I assume seat belt location and way they are fitted to car will form part of any review. After my Oulton crash (car 92) somebody told me that belt mounting points are more important than frame mounting. If the frame breaks the belts should hold you, if the belt mounts fail then you have major problems however good the frame. Appreciate some belts attached to frames at all or some points so in those cases focus on the frame.
My seat was badly broken at Oulton and I suspect the hip harness may have been at the wrong angle, the hip belts according to manufacturer sites I have seen state that they should be mounted as close to the line of the leg and hip as practical & at an angle of 45-60 degrees. Moving the seat more centrally while using the cars original belt locations at the B pillar may not be best location for instance. The belt mount locations in Car 92 crash were all fine.
Not much of a frame either if you look at the photos but that did hold being attached to plates.
The seat uprights also were bent on Car 40 at Snet I noticed like mine above - so the 'frames' seem to hold better than the uprights in all these accidents, maybe its by design the uprights are meant to flex.
The seat was not very straight afterwards.
I agree with Wayne and Pete amongst others that the driver should for safety reasons be more central if possible.

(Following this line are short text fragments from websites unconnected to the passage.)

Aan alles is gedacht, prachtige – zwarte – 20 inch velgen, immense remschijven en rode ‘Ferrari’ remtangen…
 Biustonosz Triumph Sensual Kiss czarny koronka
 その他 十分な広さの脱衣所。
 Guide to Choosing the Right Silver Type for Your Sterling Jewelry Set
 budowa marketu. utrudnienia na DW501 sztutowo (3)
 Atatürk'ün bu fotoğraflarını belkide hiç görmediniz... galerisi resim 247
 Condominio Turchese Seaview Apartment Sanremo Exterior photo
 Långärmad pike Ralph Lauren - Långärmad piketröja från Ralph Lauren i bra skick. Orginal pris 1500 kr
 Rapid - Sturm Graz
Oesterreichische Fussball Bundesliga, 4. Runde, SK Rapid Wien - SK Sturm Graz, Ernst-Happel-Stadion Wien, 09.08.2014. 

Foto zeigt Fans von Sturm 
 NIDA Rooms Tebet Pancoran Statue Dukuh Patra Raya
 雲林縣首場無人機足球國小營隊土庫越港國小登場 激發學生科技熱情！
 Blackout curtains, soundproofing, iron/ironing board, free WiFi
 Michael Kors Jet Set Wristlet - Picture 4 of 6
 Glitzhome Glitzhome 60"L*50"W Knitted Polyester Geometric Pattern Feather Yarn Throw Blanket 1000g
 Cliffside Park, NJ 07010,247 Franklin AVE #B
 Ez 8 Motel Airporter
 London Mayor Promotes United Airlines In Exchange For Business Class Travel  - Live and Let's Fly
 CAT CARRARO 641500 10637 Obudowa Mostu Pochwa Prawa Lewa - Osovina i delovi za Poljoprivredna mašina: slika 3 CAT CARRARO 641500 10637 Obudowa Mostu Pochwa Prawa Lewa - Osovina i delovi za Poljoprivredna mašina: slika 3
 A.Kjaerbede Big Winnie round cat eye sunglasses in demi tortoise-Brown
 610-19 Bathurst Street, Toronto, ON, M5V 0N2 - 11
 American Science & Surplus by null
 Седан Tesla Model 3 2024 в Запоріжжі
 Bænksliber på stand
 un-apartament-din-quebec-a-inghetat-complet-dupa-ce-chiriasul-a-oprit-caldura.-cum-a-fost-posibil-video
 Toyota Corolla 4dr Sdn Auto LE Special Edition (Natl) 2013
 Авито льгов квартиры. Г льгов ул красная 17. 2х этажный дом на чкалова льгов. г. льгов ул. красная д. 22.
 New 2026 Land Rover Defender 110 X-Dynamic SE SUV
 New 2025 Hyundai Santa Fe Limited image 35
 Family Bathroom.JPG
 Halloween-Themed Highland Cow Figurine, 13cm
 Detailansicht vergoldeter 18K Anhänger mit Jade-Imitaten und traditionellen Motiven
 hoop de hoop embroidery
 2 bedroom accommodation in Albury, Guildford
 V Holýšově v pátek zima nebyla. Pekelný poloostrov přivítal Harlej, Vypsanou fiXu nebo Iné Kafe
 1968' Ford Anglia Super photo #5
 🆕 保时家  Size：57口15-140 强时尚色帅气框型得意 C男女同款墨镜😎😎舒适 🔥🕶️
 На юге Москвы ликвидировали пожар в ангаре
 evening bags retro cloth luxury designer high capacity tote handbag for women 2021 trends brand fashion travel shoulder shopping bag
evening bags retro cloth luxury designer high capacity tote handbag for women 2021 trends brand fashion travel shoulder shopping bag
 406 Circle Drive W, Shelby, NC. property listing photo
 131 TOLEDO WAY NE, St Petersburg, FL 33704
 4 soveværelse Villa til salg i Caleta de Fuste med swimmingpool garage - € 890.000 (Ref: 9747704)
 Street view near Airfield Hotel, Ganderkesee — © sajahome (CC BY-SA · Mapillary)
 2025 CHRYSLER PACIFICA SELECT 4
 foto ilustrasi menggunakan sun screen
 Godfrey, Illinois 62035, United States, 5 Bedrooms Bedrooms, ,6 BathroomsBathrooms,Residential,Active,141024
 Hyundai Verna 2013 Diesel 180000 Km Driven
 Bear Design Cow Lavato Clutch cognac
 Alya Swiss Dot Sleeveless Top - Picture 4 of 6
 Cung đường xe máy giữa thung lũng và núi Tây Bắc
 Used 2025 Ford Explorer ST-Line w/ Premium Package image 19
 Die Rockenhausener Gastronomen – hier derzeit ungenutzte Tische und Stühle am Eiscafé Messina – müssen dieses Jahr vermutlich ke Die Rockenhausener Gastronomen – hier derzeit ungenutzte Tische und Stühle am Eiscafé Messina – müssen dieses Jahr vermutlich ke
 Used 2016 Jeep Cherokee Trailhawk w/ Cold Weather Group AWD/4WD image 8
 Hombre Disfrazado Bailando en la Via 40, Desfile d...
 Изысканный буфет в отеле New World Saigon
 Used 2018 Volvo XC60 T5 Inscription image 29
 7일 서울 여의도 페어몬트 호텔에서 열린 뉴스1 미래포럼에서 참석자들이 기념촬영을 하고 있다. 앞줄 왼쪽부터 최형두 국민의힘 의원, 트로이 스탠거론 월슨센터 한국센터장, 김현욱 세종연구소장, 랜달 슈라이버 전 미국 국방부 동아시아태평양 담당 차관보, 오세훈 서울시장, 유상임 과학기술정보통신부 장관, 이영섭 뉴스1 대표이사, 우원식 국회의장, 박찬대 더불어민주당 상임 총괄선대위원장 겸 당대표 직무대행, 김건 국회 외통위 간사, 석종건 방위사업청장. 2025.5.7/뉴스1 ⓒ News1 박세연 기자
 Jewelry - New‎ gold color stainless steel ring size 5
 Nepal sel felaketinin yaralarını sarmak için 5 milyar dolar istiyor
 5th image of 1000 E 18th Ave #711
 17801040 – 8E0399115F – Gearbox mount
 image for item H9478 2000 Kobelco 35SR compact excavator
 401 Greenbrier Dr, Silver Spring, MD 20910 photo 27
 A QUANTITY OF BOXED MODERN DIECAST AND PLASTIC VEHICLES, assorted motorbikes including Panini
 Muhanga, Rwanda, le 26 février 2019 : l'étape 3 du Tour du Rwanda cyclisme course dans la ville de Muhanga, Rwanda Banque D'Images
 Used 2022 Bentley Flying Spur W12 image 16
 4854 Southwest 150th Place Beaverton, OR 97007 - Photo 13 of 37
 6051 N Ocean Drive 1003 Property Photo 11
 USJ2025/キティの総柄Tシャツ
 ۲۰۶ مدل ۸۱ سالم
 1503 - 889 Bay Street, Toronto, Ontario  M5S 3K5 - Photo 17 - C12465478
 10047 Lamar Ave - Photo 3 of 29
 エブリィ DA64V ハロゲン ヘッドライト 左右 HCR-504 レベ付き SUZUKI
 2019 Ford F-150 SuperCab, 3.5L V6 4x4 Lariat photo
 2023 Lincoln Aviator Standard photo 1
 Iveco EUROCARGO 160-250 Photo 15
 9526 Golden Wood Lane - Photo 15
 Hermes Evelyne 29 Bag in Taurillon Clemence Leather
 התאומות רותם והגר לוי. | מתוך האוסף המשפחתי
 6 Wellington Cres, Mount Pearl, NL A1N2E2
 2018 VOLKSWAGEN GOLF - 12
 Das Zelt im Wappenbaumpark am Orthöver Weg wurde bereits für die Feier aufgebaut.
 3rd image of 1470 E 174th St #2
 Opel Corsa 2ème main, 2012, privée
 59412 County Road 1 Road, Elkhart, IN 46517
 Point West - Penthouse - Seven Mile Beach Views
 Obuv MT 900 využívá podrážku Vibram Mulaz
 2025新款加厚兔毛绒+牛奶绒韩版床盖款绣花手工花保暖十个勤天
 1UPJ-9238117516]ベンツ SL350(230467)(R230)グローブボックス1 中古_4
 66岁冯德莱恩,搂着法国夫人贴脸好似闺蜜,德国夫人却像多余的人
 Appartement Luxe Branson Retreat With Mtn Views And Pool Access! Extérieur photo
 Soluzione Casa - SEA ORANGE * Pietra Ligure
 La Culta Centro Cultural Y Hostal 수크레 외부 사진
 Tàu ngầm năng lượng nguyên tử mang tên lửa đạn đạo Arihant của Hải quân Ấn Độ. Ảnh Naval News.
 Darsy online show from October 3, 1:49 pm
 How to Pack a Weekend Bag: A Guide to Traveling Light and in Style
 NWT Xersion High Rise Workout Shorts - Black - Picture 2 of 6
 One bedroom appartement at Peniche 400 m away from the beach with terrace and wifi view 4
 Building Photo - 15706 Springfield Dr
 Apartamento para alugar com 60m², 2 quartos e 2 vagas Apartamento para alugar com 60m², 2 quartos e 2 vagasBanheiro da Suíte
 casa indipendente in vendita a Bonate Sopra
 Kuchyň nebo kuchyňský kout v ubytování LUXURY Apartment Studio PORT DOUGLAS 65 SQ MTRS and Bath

If Car 92 had been left hand drive I doubt I would be walking very well today.
Reading Chris and Louis's notes is I am going to look at adding tube between the vertical roll cage behind the B pillar and the rear cage legs to brace them.
Also at CSCC scrutinner this year with my hybrid car they wanted to see roll cage bar between the feet running forwards (below the hip bar).
After being hit at Spa in 2015, we were very happy to have no injured driver, although the shock was on a left-hand drive.
This is due to the very good quality of the metal chosen for our roll cage (it folded under the push of the left door)

But we are also lucky that the shock did not take place 50 cm higher.

Consequently, during the construction of our new 2CV, for 2018 Eco Class 24HR race, we'll slightly raise the horizontal bar to the left of the driver, increase the quality of the materials, and be extremely careful on the points of attachment to the chassis.